Three different design tracks were explored in parallel; titanium processed with Electron Beam Melting (EBM), titanium processed with Laser Beam Melting (LBM), and PH high strength stainless steel processed with LBM. For each of the research tracks, a specific design was created which takes into account the specificities of the materials, production processes, design for inspection and design for post-processing.
This cooperation is an extension of the work performed in previous projects.
Framework for an integrated DfAM methodology
Based on an investigation of the state-of-the-art about design methodologies and guidelines, a framework for an integrated DfAM methodology, covering the whole production chain was developed by Sirris. This framework integrates lightweight design, AM process and post-process decision trees with a concept for formulating guidelines in an intuitive way.
The framework and guidelines offer designers, in a simple and intuitive way, a comprehensive design support and overview of limitations and possibilities. These results also enable CAD/CAE software developers to embed the results in their future computer-based recommender systems.
To support this, state-of-the-art generative design and software tools were benchmarked with the use case to identify their possibilities and drawbacks to support DfAM of functional metal AM parts.
Investigation of post-processing operations
After printing the functional features need to be machined in order to achieve the dimensional requirements needed. Given the freeform nature of the new design the main challenge hereby is to position and orient the part within the machining area guaranteeing end quality. An approach combining CMM measurement data, zero point clamping fixtures and automated machining axis compensation was developed.

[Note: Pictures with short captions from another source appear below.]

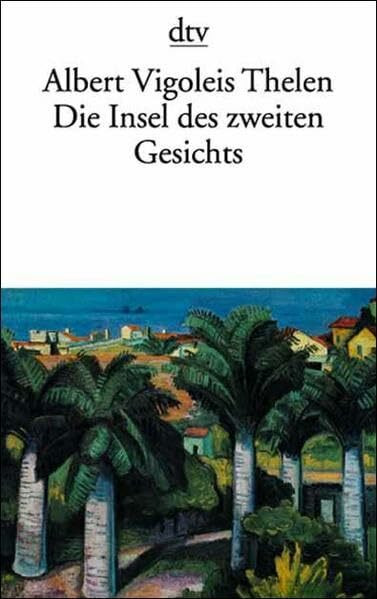 Die Insel des zweiten Gesichts. Aus den angewandten Erinnerungen des Vigoleis.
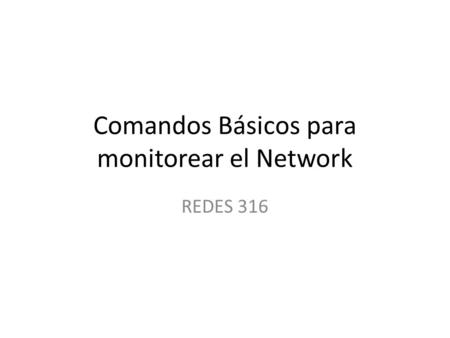Comandos Básicos para monitorear el Network REDES 316.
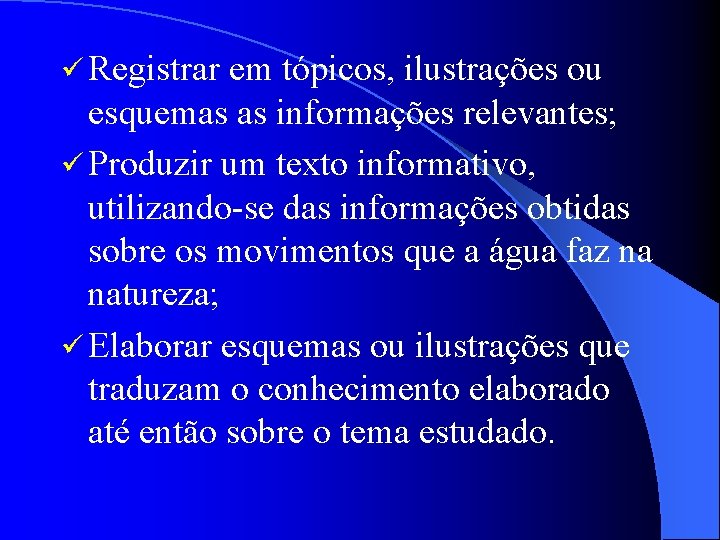 ü Registrar em tópicos, ilustrações ou esquemas as informações relevantes; ü Produzir um texto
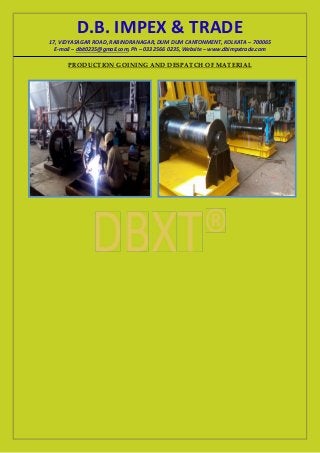 D.B. IMPEX & TRADE
17, VIDYASAGAR ROAD, RABINDRANAGAR, DUM DUM CANTONMENT, KOLKATA – 700065
E-mail – dbit0235@gmail.com, Ph – 033 2566 0235, Website – www.dbimpxtrade.com
PRODUCTION GOINING AND DESPATCH OF MATERIAL
 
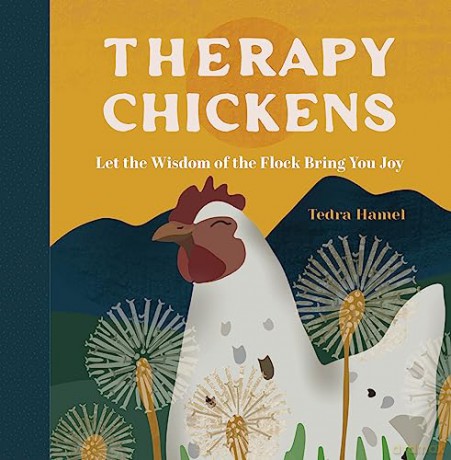 Therapy Chickens - Tedra Hamel [KSIĄŻKA]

Sirris was the main partner in the finishing of the components built as part of the project. The main challenge was generating precision surfaces and interfaces to ensure the intended lightweight and complex structure. Two major issues arose: on the one hand, the clamping and vibration of the workpieces; on the other hand, the alignment of the part in the processing tools due to the lack of benchmark surface features. Sirris developed a special part to simulate the complexities in the additive manufacturing process. This piece was used to evaluate various clamping strategies and research methods. A clamping feature was designed and tested with printed plastic pieces representing the negatives of the actual part to be printed. This concept demonstrated the efficiency of the clamping method, mainly based on its contribution to the distribution of clamping force over a larger area and the potential adjustment to the shape of the piece.
The clamping method also provided optimal access to the piece, thereby avoiding multiple set-ups during the processing of the piece. This new matrix clamping arrangement will be evaluated in a later phase. Regarding the alignment, various reference surface features on the piece were designed and tested to evaluate effectiveness during processing. The main aim was to minimise support in the areas under investigation, to eliminate positioning errors. The workpiece and clamping arrangement were used to research the benchmark surface features. A zero-point system, adapted to research on a Coordinate-Measuring Machine (CMM), was converted for the processing tool to include the number of axis rotations, to match the NC-CAM programme with the actual processing coordinates. This new method of converting the research corrections from the laser scanning method will be provided in a subsequent phase.